その金間さんの新作が『ライバルはいるか?』です。社会人1200人に調査を行い、世界中の論文や研究を調べ、「誰かと競う」ことが人生にもたらす影響を解き明かしました。挑戦する勇気を得られる内容に、「これは名著だ!」「人生のモヤモヤが晴れた!」との声が多数寄せられています。この記事では、本書より一部を抜粋・編集して、「チームに貢献できる人の特徴」を紹介します。

チームの役に立てない「モブキャラで終わる人」と「チームに貢献できる人」の、たった1つの違いPhoto: Adobe Stock

「モブでいたい」と言う若者たちへ

「自分はモブのままでいい。

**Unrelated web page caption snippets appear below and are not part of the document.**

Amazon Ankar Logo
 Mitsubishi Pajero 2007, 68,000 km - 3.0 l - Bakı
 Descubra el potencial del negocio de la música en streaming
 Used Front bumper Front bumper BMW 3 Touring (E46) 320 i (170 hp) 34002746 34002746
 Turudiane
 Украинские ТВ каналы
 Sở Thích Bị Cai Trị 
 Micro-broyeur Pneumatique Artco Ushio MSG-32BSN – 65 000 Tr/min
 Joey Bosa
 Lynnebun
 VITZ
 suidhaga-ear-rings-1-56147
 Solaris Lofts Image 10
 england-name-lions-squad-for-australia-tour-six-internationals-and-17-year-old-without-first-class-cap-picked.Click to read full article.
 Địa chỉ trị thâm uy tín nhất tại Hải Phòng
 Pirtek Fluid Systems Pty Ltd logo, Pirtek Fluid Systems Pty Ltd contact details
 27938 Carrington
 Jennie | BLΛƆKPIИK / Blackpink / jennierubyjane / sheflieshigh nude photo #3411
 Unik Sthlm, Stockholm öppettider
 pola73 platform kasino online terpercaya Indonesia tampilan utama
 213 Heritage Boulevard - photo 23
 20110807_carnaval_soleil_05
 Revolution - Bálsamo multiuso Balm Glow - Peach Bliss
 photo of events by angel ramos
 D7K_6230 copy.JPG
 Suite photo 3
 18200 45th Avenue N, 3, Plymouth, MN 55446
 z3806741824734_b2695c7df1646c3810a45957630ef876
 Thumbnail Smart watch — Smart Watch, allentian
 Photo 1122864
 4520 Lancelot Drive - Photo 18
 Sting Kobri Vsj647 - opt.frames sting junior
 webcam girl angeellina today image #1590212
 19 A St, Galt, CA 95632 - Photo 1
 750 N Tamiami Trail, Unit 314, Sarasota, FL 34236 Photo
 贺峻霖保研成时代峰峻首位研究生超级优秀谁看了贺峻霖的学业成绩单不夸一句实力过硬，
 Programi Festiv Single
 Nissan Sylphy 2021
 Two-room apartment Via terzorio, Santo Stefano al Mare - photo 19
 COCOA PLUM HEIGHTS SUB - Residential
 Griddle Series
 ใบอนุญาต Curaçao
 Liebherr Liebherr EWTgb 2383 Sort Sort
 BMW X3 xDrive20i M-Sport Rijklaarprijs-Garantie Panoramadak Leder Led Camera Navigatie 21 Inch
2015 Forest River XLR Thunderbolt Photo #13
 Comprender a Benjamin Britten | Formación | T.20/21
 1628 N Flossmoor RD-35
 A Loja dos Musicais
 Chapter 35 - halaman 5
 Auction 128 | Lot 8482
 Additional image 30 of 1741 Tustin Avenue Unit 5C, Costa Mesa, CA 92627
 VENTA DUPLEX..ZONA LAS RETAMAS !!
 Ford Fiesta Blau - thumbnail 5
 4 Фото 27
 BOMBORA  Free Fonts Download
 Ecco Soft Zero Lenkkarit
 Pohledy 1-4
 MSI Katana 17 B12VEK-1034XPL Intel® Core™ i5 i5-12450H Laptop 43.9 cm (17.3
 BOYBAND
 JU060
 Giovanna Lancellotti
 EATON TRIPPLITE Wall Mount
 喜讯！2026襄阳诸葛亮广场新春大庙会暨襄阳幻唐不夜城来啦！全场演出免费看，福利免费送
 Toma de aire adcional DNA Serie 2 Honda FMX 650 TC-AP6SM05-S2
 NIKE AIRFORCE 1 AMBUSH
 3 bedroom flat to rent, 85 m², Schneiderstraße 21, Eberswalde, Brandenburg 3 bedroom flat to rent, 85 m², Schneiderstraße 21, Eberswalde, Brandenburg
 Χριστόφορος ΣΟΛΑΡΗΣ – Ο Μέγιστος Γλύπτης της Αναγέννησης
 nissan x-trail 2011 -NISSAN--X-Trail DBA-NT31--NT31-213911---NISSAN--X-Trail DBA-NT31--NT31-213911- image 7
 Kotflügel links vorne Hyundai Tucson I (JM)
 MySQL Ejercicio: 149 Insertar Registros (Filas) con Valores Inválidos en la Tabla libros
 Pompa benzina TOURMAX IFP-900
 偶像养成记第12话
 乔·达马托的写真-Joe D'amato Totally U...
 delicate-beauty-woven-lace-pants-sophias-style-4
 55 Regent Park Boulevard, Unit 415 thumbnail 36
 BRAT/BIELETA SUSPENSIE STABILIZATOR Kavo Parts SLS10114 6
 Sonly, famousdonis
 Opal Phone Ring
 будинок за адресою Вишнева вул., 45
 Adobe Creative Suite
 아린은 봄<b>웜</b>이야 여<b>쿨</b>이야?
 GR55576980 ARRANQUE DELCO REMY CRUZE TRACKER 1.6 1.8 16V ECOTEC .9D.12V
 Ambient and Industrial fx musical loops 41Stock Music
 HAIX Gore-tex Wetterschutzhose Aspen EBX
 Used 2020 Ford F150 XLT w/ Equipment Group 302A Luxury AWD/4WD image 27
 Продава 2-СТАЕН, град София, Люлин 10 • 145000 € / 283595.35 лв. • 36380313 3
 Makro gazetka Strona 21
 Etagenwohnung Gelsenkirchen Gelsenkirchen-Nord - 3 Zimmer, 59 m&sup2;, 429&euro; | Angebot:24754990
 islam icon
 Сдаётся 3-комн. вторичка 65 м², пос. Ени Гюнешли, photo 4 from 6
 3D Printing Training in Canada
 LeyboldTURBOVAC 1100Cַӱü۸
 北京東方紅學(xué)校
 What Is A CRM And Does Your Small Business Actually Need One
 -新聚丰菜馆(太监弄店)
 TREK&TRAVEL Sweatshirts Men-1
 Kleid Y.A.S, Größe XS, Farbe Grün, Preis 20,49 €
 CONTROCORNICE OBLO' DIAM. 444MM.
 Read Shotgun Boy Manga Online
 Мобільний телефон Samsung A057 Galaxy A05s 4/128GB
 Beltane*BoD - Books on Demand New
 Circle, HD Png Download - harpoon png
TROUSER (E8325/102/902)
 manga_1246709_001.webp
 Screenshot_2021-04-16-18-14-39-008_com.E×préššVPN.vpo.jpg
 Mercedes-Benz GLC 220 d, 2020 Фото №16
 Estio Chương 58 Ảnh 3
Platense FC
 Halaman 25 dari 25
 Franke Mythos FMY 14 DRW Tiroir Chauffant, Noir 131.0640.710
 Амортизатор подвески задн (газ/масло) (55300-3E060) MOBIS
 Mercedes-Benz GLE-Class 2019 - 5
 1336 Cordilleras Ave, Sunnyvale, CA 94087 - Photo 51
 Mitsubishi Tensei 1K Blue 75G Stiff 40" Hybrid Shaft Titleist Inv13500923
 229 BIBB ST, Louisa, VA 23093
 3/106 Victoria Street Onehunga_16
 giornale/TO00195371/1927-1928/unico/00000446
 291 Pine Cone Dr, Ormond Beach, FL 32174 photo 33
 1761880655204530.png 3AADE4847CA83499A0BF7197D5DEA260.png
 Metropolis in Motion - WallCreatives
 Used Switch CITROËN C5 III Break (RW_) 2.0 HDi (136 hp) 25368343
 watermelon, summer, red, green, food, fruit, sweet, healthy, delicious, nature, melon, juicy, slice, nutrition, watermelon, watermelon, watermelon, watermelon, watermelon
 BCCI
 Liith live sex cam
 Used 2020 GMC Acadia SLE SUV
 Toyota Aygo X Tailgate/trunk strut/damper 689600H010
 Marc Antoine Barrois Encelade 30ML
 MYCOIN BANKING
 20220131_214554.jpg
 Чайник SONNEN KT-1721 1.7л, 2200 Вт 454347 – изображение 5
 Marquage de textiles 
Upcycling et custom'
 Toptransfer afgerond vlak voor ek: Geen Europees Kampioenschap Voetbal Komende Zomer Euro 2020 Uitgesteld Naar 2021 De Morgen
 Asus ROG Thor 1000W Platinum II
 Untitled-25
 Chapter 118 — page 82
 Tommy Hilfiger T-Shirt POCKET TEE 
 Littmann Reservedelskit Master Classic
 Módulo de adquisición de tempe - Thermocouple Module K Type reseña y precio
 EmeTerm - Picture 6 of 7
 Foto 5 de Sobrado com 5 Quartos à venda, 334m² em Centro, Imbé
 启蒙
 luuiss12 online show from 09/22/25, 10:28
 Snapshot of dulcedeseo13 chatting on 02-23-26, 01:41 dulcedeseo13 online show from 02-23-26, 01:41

モブのままがいい」

 そう言う人もいるだろう。
 僕がこれまで手掛けてきた若者に対する研究では、確かにそういった気質を持った若者が多いことが明らかになっている。

 研究者の僕としては、そのデータに向き合い、客観的な思考を深める。
 でも、ひとりの人間としての僕の主観は、まだそのデータを受け入れていない。

 自分にしかできない何かで、チームに貢献する。自分のやるべきことが明確になり、そこに意識が集中する。言葉はなくとも、周りの人が認めてくれているのがわかる。自分がチームのメンバーで良かったと、周りの人が思ってくれているのが伝わる。

 そう感じられる状態は、何ものにも代えがたいものだ。

 そのために「個」を鍛えること。
 チームに貢献するために、徹底的に「個」を意識すること。

 僕はこれを強く提案したい。

この世界は「個人戦」でできている

 ここまで、本研究を通して、多くのライバル像と向き合ってきた。質問票調査やインタビュー調査、先行研究、そして僕自身の経験も踏まえ、1つの結論に至る。

 それは「この世界は個人戦でできている」ということ。

 チームで戦うとはどういうことか。僕たちにとって、最高のチームとは何か。
 この問いを突き詰めれば突き詰めるほど、「個」としての重要性が浮上する。
 きっとこれが本質だ。

 ほとんどの人は、組織やチームの一員として活動している。受験のような個々の戦いでさえ、仲間を意識することは多い。

 では、そのとき念頭に置く「仲間」とは誰か。
 そのとき想像する「仲間」とはどんな人か。
 僕が行ってきた「ライバル」研究とは、この問いに正対し、徹底的に「仲間」の解像度を上げていくプロセスと同義だった。

 そうして浮かび上がってきた結論が、「個」としての強さの重要性だ。

個人戦を戦える者のみがチームに貢献できる

 受験どころか、バレーボールやサッカーのようなチーム競技でさえ、力の源は個人に起因する。
 チームというが、その実は個人がすべてだ。個人が力を発揮しなければ、チームなど意味がない。

 したがって、ここから帰結されるもう1つの結論がこれだ。 

 個人戦を戦える者だけが、本当の意味でチームに貢献することができる。

 誰でもチームや社会に貢献したいという気持ちはあると思う。そんなときこそ、自分自身の「個」としての価値を本気で思考し、高める必要がある。

 自分が担うべき役割は何か。今とるべきベストのアプローチは何か。
 そうして自発的に思考するからこそ、チームに新たな力をもたらすことができるのだ。